Earlier this year, Congress passed emergency funding for Area Agencies on Aging (AAA), long-term care ombudsman programs, and other OAA programs to support operations during the COVID-19 pandemic. APS programs should be aware of continuing and new supports that would benefit clients and help address self-neglect or other challenges. The National Resource Center for Engaging Older Adults (engAGED) highlights several AAAs that have started telephone reassurance and wellness check programs. In Hastings, Nebraska the Midland AAA has developed a Friendship Network program to pair socially isolated older adults with volunteers for phone calls, grocery pickup, or other needs. APS should make sure these programs also know that APS is open and how typical APS work and investigations may look different in the pandemic.
Addressing Social Isolation & Loneliness – APS Staff
As the research notes, social isolation and loneliness can affect anyone and this includes APS staff. The loss of routines and everyday conversations can exacerbate this for those used to working in the office or the field. Throughout these past few months, APS professionals from investigators to administrators have noted the need to promote connections, work-life boundaries, and support for the variety of work from home environments. In a recent committee meeting, one attendee noted how supportive it felt to start with a check-in of attendees. A simple round of “how are you doing today?” does not need to be long but can be a significant connection.
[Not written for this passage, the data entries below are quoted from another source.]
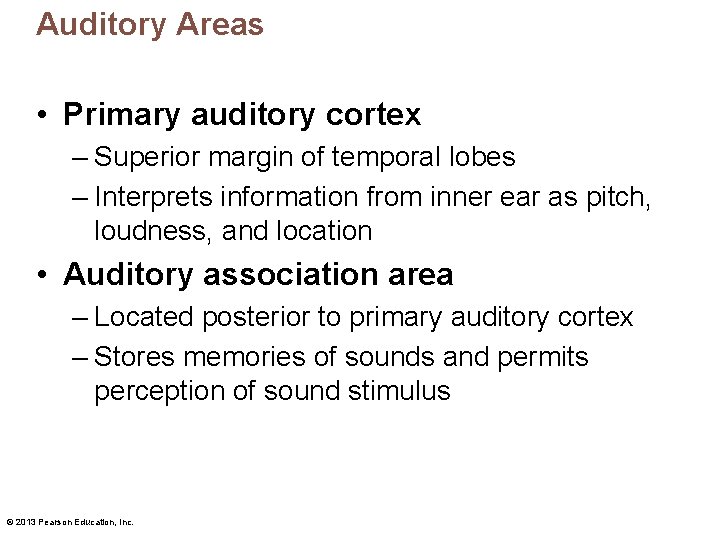 Auditory Areas • Primary auditory cortex – Superior margin of temporal lobes – Interprets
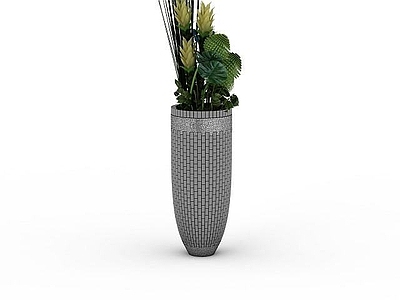现代佛龛 观赏植物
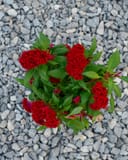 Twisted Red Celosia thumbnail 2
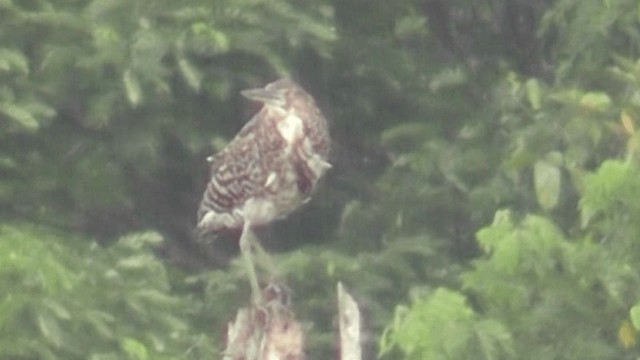 Rufescent Tiger-Heron - ML201129461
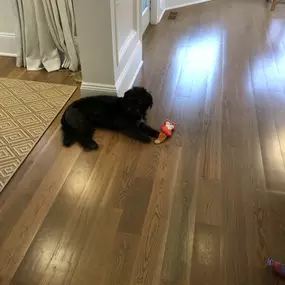 Made a new friend at work today. Hudson and his chewy!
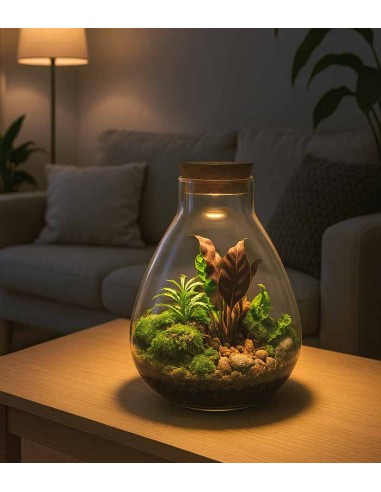 Terrario LED con mix di piante
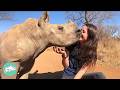 Baby Rhinos Run Up To Girl For Kisses And Belly Rubs Cuddle Buddies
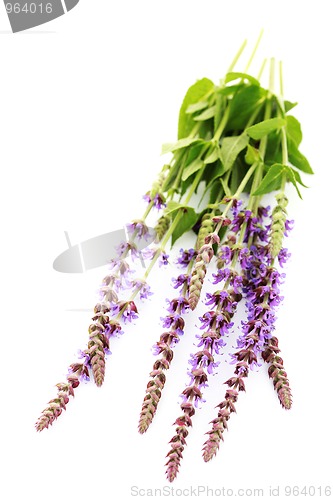 Image of sage flowers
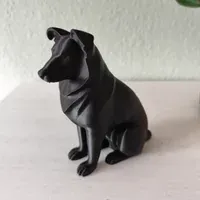 Australian Shepherd - Küçük görsel 2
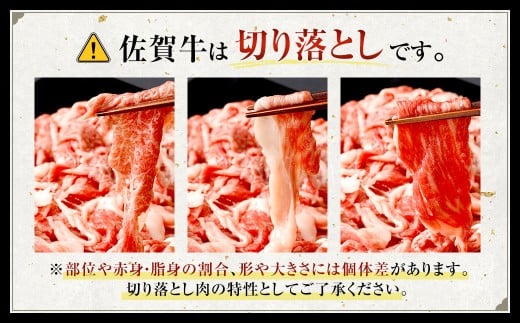博多和牛 ステーキ （ヒレ） 6枚 （計約900g） ＋ 佐賀牛 切り落とし 400g ／ 黒毛和牛 黒毛和種 和牛 牛肉 お肉 肉 ヒレ肉 セット 国産 九州 福岡県 太宰府市 冷凍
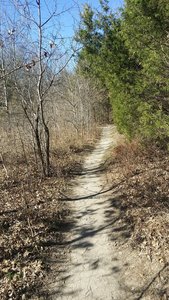 The singletrack trail travels next to the creek.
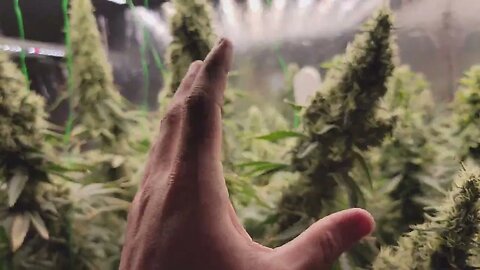 3 Pounds, 1 Light - Day 60 - Athena VS Mills Nutrients - THC Test - Mammoth LED - CO2 Grow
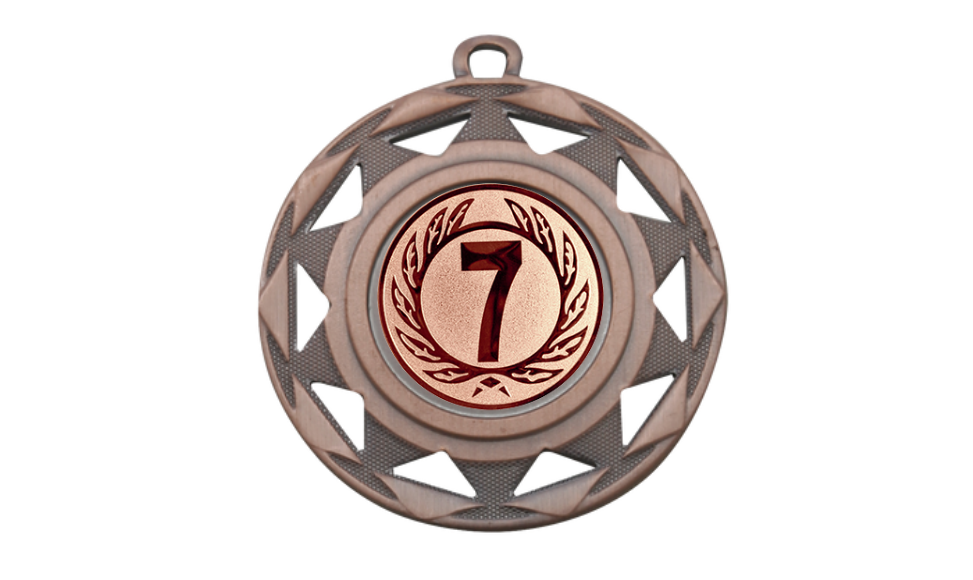 Medaille BS.ME94 Ø 50 mm - Bronze / 50 mm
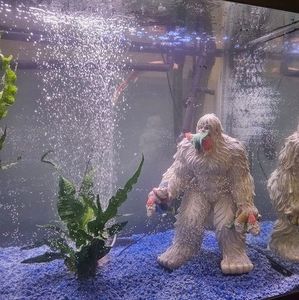 Meet your Posher, Cassandra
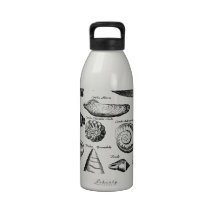 Vintage Seashells Water Bottles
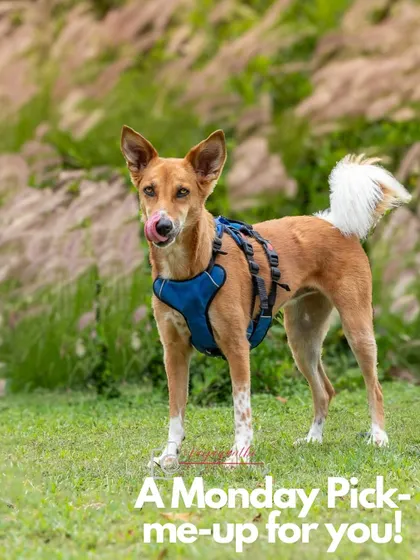 Coco the indie, looking alert and happy in a field of tall grass. A perfect Monday pick-me-up.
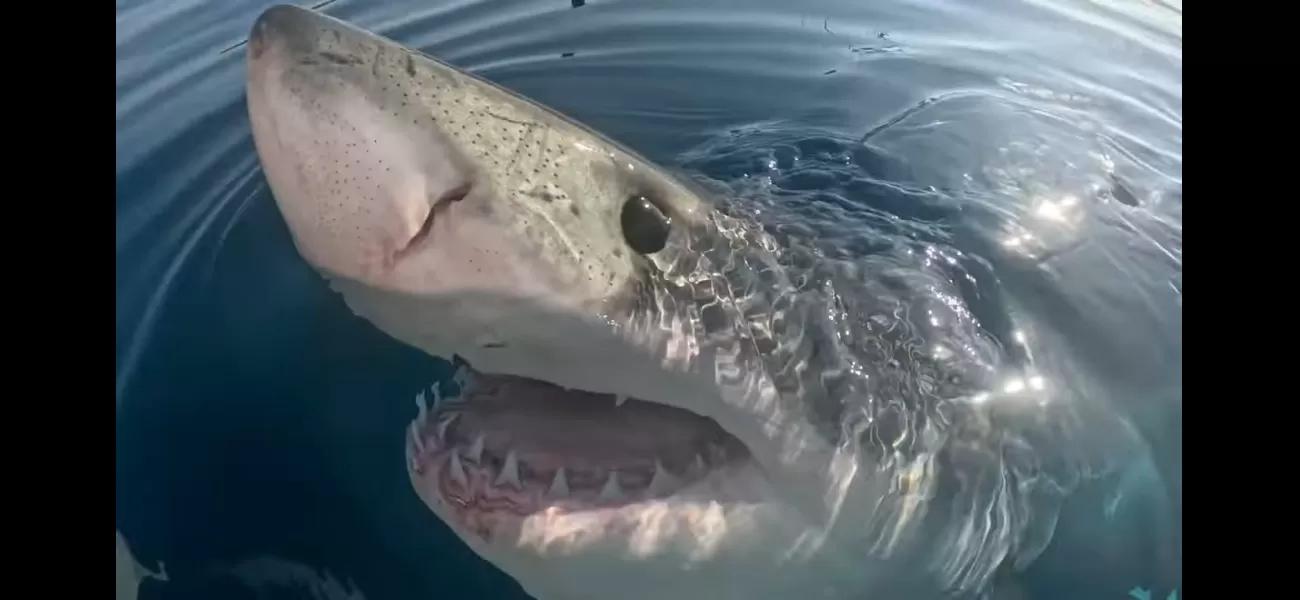 A famished great white shark stalks boaters and then lunges for a dead whale.
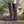 Men's Bramblewood Boots - Harvestmoon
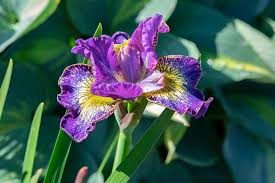 Attēlu rezultāti vaicājumam “Iris sibirica”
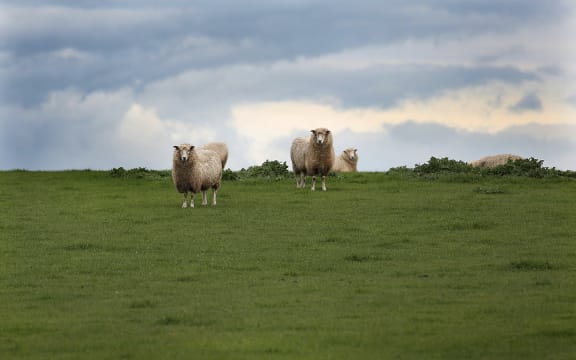 Sheep on a New Zealand farm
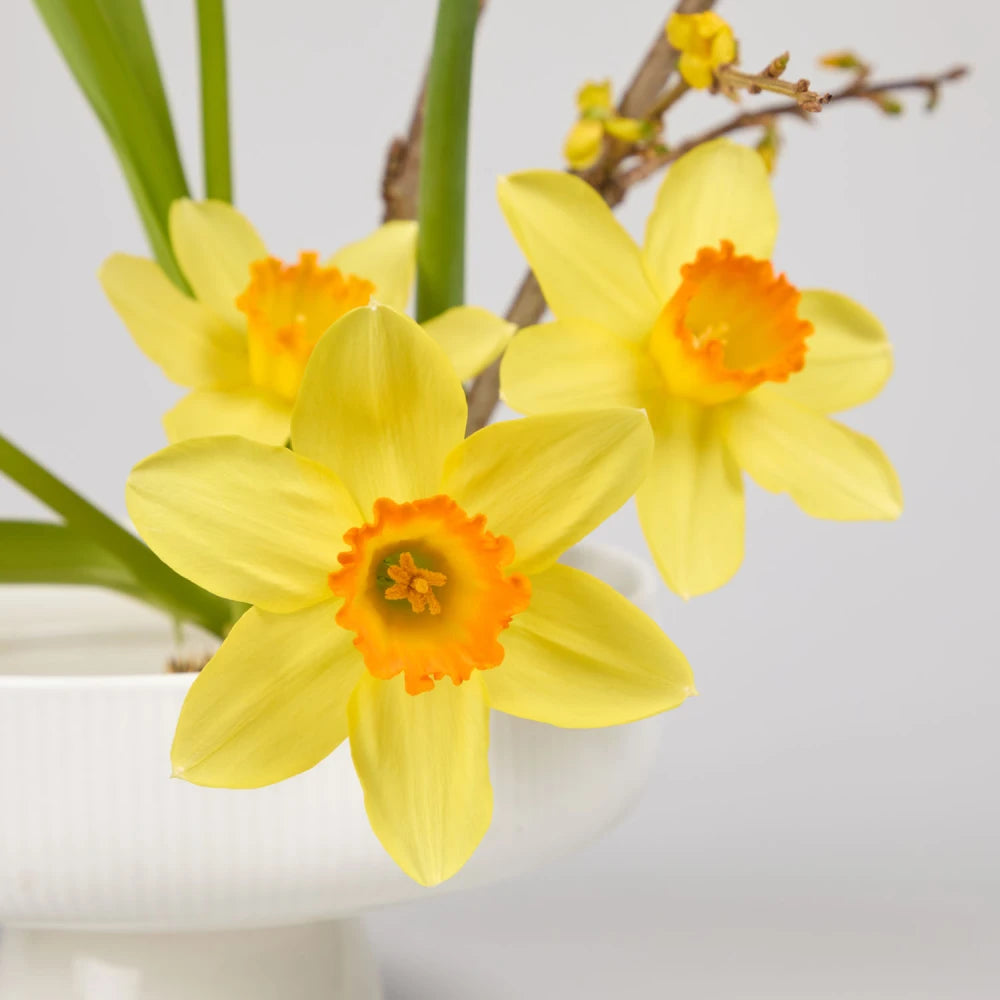 Spring Cycle DIY Kit: Daffodils, Tulips & Forsythia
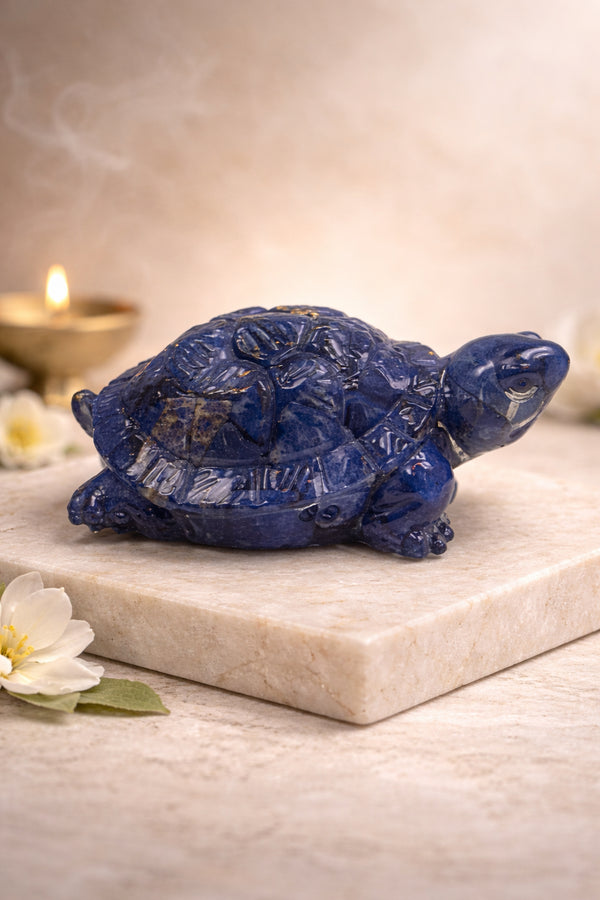 Lapis Lazuli Tortoise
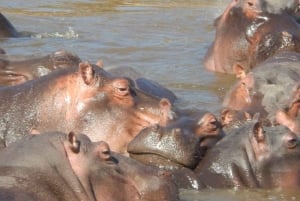 Passeio de carro pelo Parque Nacional de Nairóbi pela manhã ou à noite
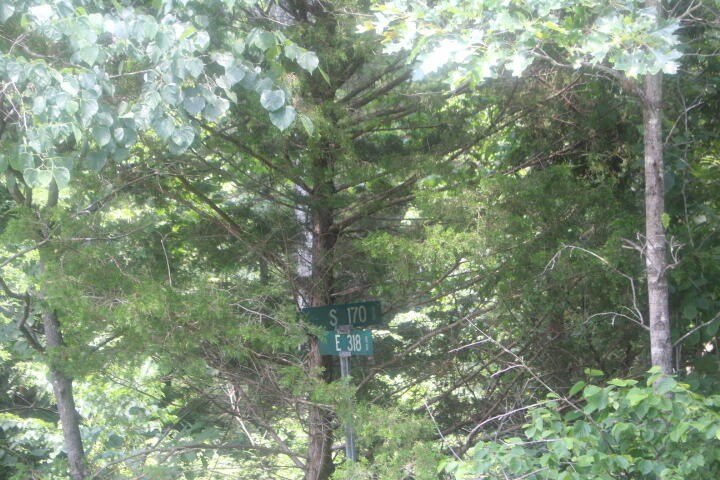 Polk, Missouri, 65727, United States, ,Land,For Sale,1980569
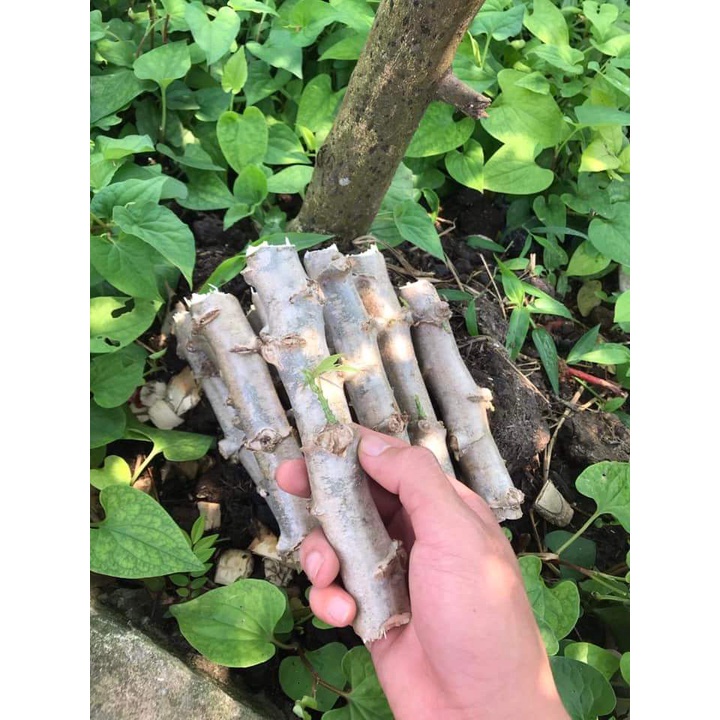 Cây Giống Khoai Sắn,Khoai Mì Ruột Vàng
The Centers for Disease Control and Prevention (CDC) has a full website addressing Coronavirus (COVID-19) includes both a general coping with stress section and a section on coping with stress and building resilience in the workplace. Both sections highlight what staff may be feeling and resources for support. These tips as well as the continually updated Administration for Community Living’s Coronavirus Disease 2019 (COVID-19) can encourage staff to recognize their own feelings of social isolation and loneliness.
Keeping staff engaged and connected can also help address isolation, particularly when traditional routines like office holiday parties are cancelled. During the COVID-19 pandemic North Dakota’s Vulnerable Adult Protective Services has embraced icebreakers like bingo at the beginning of staff meetings. Holiday icebreakers could include naming a favorite tradition or a new pandemic-era tradition that might be carried forward. The program also did a successful self-care goody basket exchange. A price limit was set and interested staff completed a survey of their likes and enjoyments such as favorite smell, candy, something they have wanted to do but haven’t, etc. To facilitate cross-state connection, the staff member coordinating the exchange worked to ensure that recipients weren’t paired with others in the same city or locality. Participants noted that learning more about each other’s likes and interests fostered greater connections. Exchanges can even be built around ideas like sharing a favorite holiday recipe. Overall, the goal is to decrease isolation and loneliness while making sure staff know what resources are available to them.
Wrapping It Up
As we all know social isolation and loneliness place older adults and people with disabilities at particular risk for abuse, neglect, self-neglect, and exploitation. We also need to be aware of its impact on APS professionals during the pandemic and after. These are just a few of the resources and innovations happening throughout the country. Let us know how you are addressing social isolation and loneliness during the pandemic, holidays, and in the new year.